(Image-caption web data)
━━━━━━━━━━
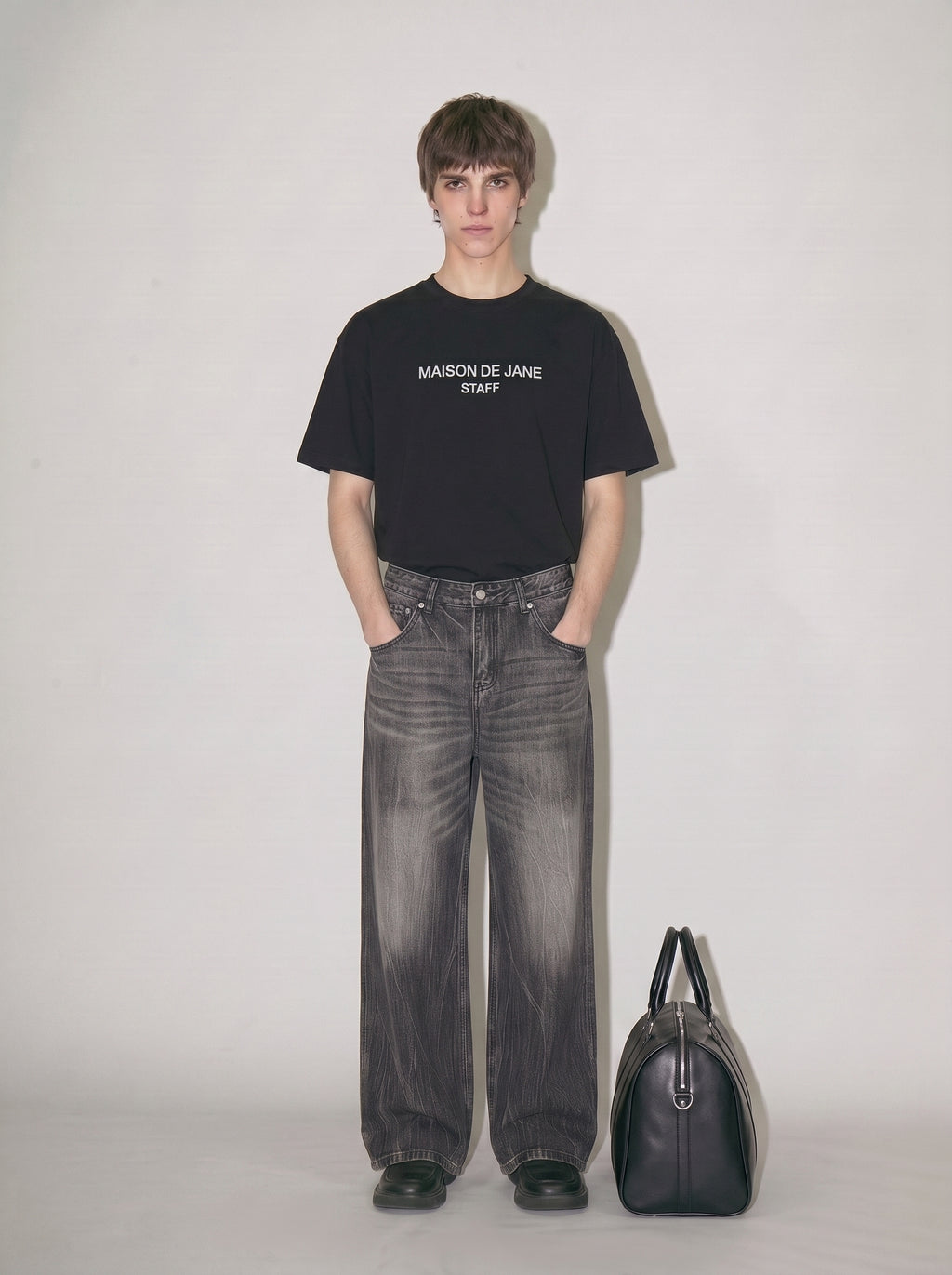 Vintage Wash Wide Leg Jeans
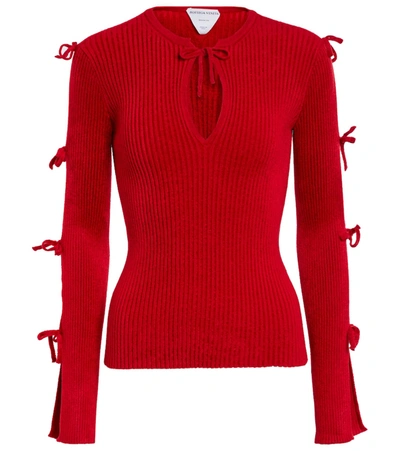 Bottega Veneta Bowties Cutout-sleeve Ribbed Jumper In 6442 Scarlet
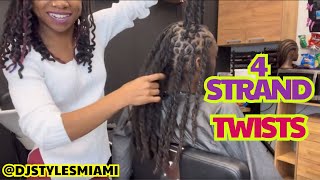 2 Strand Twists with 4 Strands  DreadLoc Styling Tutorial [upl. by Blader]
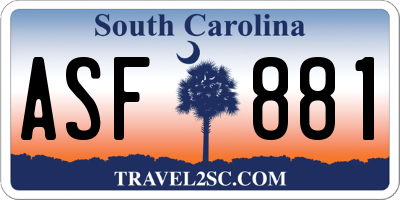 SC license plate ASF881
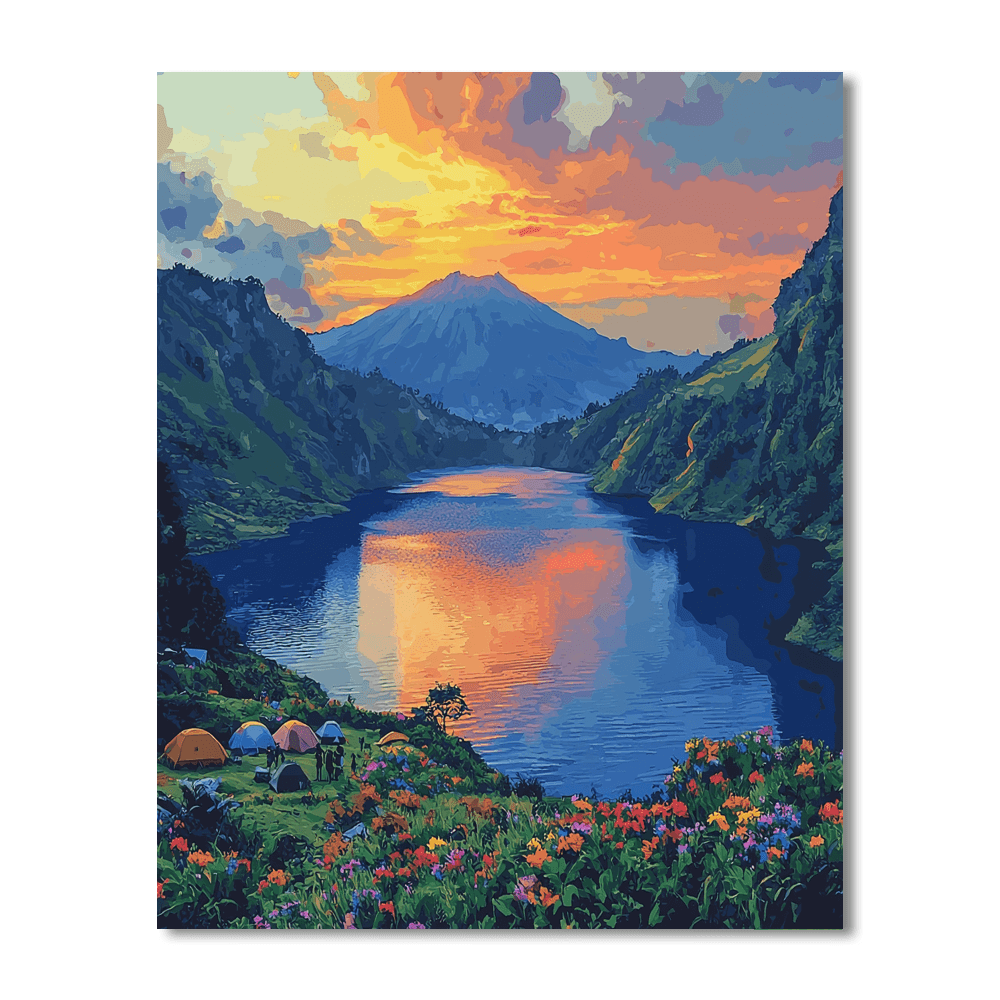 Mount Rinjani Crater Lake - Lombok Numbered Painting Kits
━━━━━━━━━━
Exercise goal: Give an exact copy of the line containing "2 Strand Twists" and every line after it through the end of the entries. Pictures are to be dropped.

Answer to this exercise:
 2 Strand Twists with 4 Strands  DreadLoc Styling Tutorial [upl. by Blader]
 SC license plate ASF881
 Mount Rinjani Crater Lake - Lombok Numbered Painting Kits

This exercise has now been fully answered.